Ottawa

Students facing bleak job market this summer

It's the time of year when many university students are on the hunt for that all-important summer job that will help finance their higher education. But in the wake of COVID-19, many are scrambling to find work in a dismal employment landscape.

Pandemic has left university, college students with few employment prospects

Like the rest of the city, the University of Ottawa campus is virtually deserted these days. Students who would normally be securing summer job placements at this time of year say employment opportunities have all but dried up because of the coronavirus pandemic. (Francis Ferland/CBC)
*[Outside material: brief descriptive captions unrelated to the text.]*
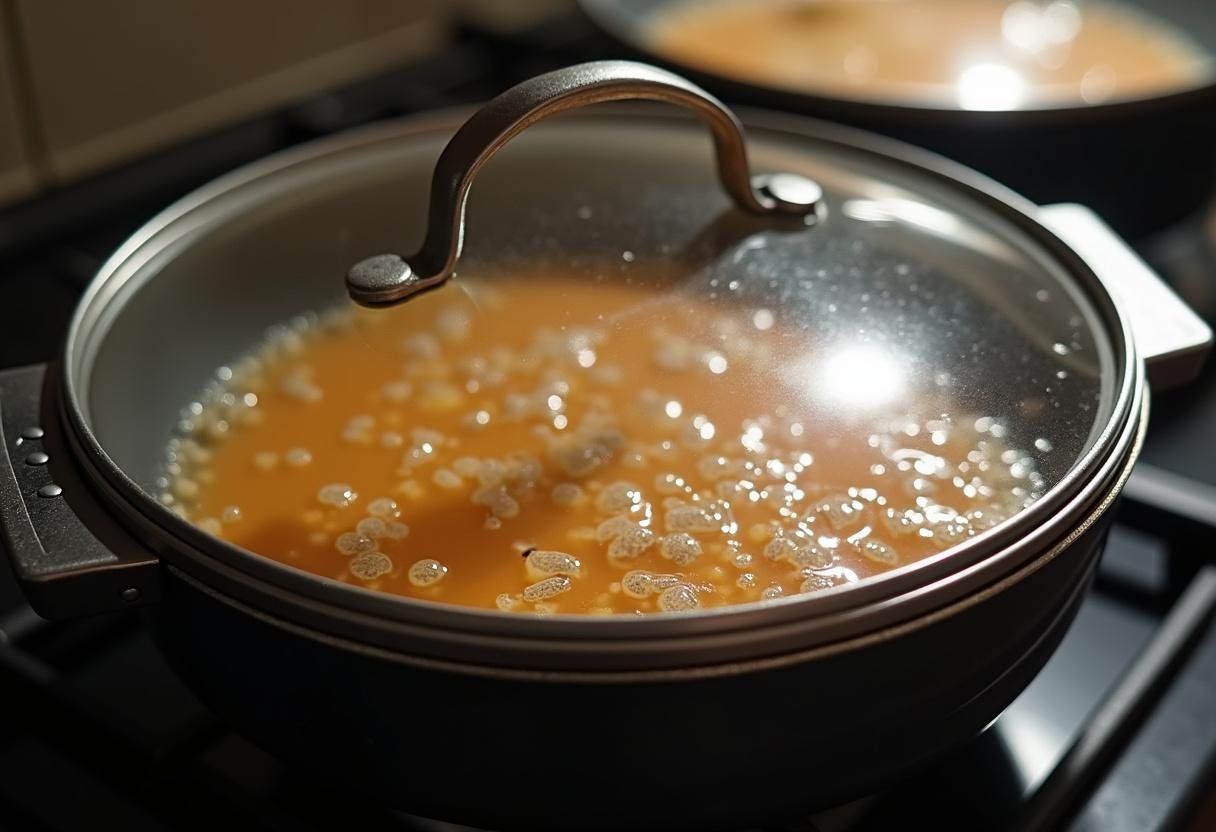 Simmering skillet of Poulet Moelleux Mijoté à la Bière on the stove.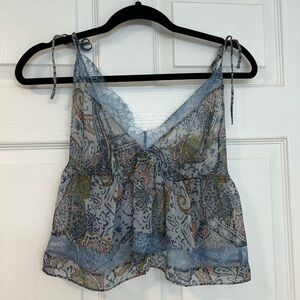 Victoria's Secret Sheer Paisley Camisole and Shorts Set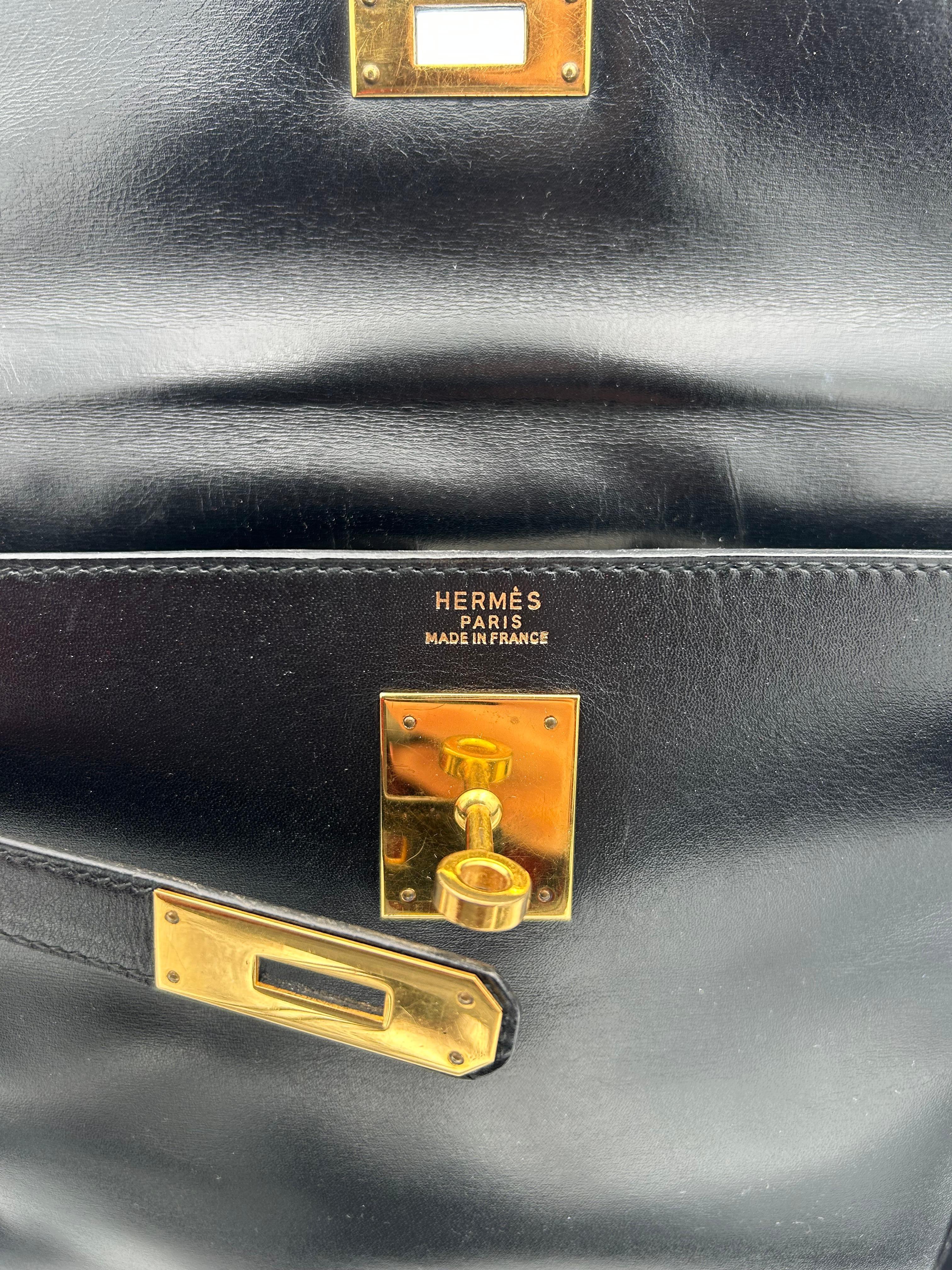 Hermès Black Box Leather Kelly 1998 For Sale 12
It's the time of year when many university students are on the hunt for that all-important summer job that will help finance their higher education. But in the wake of COVID-19, many are scrambling to find work in a dismal employment landscape.

"Bleak" is the word University of Ottawa student Chris Wright uses to describe summer job prospects for him and his friends. 

The 22-year-old political science student was set to work at a downtown hotel during Ottawa's busy tourist season, but that opportunity has dried up. Typically, visitors from across the country and around the globe flock to the National Capital Region during the summer months, but COVID-19 has pulled the plug on virtually all travel.

"Everyone is still in panic mode with the pandemic, and even after that I don't think anyone's really going to be willing to travel yet," Wright said.

University of Ottawa student Chris Wright had lined up a job at a downtown hotel this summer, but it has fallen through. (Chris Wright)

Anxious about the future

In his Kingston, Ont., apartment, Queen's University economics student Shane Weston, 23, is studying for final exams and feeling anxious about the future.

"I don't know what I'm going to do because nobody's hiring," Weston said. "It just it seems like opportunities are not available right now."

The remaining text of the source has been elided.